ROME: Des millions de personnes supplémentaires dans le monde pourraient être confrontées à la famine ou au risque de famine, ont averti mercredi les deux organes de l'ONU dédiés à l'alimentation et à l'agriculture, dans un contexte tendu par la limitation des financements.

Selon un rapport conjoint de l'Organisation des Nations unies pour l'alimentation et l'agriculture (FAO) et du Programme alimentaire mondial (PAM), l'insécurité alimentaire aiguë à laquelle sont confrontées 16 zones critiques dans le monde s'accentue.

"Les conflits, les chocs économiques, les phénomènes météorologiques extrêmes et l'insuffisance critique des financements exacerbent des conditions déjà désastreuses", notent la FAO et le PAM, tous deux basés à Rome, dans un communiqué commun.

Haïti, le Mali, la Palestine, le Soudan du Sud, le Soudan et le Yémen figurent parmi les pays les plus touchés, "où les populations sont confrontées à un risque imminent de famine catastrophique", souligne le rapport des deux organisations.

L’Afghanistan, la République démocratique du Congo, la Birmanie, le Nigeria, la Somalie et la Syrie sont considérés quant à eux comme étant dans une situation "très préoccupante".

Les quatre autres zones critiques sont le Burkina Faso, le Tchad, le Kenya et la situation des réfugiés rohingyas au Bangladesh.

"Nous sommes au bord d'une catastrophe alimentaire totalement évitable qui menace de provoquer une famine généralisée dans de nombreux pays", a mis en garde Cindy McCain, directrice générale du PAM, citée dans le communiqué, ajoutant que "ne pas agir maintenant ne fera qu'aggraver l'instabilité".

Le financement de l'aide humanitaire est "dangereusement insuffisant", alerte également le rapport, précisant que sur les 29 milliards de dollars nécessaires pour venir en aide aux populations vulnérables, seuls 10,5 milliards ont été reçus, précipitant notamment l'aide alimentaire aux réfugiés "au bord de la rupture".

Le PAM indique avoir réduit son assistance aux réfugiés et aux personnes déplacées en raison des coupes budgétaires et suspendu les programmes d'alimentation scolaire dans certains pays.

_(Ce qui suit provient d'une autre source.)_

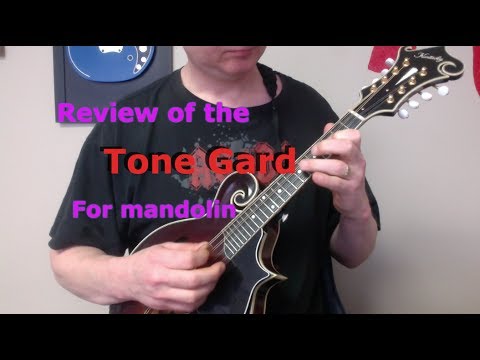Mandolin Tone-Gard, SunriseGard, New, Black, Made in U.S.A. image 5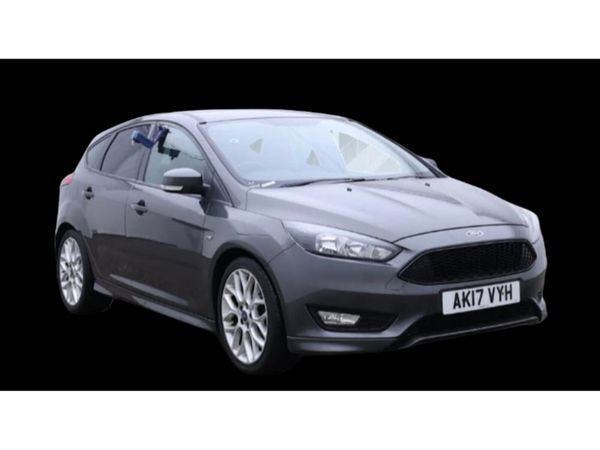 Ford Focus Hatchback, Diesel, 2017, Grey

La FAO prévient de son côté que les efforts pour protéger les moyens de subsistance agricoles sont menacés et alerte sur la nécessité d'un financement urgent pour les semences et les services de santé animale.

"La prévention de la famine n’est pas seulement un devoir moral – c’est un investissement judicieux pour la paix et la stabilité à long terme", a rappelé le directeur général de la FAO, Qu Dongyu.